> **Instructions to follow**
Your task is to copy every line of the entries that holds the word "house".

> **Records provided**
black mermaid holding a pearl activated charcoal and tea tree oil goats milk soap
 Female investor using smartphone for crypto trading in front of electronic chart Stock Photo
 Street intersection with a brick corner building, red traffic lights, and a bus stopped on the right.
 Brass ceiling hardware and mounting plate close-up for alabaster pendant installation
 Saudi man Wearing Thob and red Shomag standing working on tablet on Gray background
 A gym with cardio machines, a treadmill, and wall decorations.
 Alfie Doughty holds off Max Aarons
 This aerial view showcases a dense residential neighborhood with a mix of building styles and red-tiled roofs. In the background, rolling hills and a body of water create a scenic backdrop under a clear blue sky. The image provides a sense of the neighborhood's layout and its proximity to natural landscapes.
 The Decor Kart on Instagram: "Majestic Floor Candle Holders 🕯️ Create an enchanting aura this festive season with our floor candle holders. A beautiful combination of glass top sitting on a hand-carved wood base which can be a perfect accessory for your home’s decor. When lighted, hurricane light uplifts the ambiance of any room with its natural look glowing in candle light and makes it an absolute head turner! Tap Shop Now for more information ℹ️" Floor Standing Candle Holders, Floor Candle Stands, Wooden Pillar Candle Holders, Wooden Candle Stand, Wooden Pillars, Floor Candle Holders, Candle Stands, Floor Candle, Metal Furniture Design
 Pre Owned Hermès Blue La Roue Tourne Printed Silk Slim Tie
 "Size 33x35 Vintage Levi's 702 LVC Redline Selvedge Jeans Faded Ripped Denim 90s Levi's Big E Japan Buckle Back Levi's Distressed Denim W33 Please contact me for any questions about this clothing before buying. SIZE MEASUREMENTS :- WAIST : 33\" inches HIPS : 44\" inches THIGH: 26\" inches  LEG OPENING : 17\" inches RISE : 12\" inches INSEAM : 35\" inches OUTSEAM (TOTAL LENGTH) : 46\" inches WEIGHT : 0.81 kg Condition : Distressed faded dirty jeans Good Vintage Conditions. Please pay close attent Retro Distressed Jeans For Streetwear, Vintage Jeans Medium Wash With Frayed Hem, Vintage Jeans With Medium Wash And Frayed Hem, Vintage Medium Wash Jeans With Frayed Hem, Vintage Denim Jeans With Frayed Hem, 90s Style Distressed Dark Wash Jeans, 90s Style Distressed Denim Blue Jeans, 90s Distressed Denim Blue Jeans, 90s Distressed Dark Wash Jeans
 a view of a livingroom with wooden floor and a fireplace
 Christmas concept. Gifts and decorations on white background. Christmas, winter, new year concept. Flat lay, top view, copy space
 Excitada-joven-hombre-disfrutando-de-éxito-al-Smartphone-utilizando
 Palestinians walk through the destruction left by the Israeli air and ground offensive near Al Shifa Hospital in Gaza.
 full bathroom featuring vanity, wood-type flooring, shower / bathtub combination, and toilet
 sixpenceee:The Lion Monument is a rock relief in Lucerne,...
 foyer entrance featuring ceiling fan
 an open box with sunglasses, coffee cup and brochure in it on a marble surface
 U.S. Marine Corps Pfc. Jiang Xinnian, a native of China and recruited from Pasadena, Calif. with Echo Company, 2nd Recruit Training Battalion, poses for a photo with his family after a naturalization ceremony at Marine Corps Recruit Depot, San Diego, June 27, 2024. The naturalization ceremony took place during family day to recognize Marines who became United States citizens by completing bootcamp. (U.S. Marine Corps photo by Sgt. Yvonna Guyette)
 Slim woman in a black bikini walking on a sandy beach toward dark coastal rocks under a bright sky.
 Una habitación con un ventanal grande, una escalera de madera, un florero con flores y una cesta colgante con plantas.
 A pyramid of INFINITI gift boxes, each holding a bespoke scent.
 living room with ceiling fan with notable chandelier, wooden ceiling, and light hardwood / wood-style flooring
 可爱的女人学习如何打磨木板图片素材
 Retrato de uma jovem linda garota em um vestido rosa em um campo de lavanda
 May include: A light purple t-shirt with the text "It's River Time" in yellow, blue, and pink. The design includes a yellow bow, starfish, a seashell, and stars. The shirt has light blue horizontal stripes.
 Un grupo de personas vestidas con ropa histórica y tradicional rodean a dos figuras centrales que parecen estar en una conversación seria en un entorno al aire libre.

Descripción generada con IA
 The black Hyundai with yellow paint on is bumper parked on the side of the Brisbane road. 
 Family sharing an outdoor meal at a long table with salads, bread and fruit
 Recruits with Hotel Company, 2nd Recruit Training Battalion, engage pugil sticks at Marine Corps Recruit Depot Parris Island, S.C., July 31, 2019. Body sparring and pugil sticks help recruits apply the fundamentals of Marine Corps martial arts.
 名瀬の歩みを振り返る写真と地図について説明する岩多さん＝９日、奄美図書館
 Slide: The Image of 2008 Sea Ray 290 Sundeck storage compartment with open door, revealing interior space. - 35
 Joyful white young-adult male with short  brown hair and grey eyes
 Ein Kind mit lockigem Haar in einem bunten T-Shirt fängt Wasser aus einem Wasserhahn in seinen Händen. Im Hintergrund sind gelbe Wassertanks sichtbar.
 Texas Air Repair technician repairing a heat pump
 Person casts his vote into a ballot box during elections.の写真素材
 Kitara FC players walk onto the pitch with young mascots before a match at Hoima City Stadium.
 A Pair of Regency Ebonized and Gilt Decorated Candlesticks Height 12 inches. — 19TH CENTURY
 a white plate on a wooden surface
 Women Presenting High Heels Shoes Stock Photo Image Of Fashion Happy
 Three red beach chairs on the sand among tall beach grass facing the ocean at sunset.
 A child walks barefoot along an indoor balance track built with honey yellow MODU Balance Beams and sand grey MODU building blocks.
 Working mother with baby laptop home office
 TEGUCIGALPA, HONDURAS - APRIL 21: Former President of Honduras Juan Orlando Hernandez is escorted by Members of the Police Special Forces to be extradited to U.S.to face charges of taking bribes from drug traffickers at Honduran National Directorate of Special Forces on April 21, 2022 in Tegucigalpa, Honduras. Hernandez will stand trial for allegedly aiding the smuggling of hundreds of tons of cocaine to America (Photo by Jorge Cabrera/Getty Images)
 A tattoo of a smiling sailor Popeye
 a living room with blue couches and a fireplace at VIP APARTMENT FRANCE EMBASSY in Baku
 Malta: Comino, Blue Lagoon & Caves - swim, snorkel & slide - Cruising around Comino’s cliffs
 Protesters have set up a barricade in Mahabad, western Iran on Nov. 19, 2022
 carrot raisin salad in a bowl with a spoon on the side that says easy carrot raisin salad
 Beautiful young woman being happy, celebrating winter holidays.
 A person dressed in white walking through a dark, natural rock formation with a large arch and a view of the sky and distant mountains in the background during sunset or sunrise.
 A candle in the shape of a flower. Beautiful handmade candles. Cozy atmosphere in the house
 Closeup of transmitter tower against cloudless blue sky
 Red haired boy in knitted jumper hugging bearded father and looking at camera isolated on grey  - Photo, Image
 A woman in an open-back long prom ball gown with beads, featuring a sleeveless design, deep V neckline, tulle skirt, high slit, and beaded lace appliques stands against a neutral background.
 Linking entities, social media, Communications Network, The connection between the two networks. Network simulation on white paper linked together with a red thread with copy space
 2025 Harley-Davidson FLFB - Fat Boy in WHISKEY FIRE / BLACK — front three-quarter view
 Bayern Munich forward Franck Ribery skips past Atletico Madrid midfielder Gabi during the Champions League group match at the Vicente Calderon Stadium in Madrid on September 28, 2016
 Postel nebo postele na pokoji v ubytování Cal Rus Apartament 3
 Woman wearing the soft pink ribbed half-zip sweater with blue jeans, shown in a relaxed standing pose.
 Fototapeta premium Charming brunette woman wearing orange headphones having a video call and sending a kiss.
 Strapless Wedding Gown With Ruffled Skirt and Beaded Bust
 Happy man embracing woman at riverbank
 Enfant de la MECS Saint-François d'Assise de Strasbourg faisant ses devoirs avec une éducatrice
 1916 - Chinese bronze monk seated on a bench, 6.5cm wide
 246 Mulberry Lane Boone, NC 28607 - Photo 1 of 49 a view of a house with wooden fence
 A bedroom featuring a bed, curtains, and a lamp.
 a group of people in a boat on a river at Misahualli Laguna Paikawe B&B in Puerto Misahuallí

> **Response area**
 A candle in the shape of a flower. Beautiful handmade candles. Cozy atmosphere in the house
 246 Mulberry Lane Boone, NC 28607 - Photo 1 of 49 a view of a house with wooden fence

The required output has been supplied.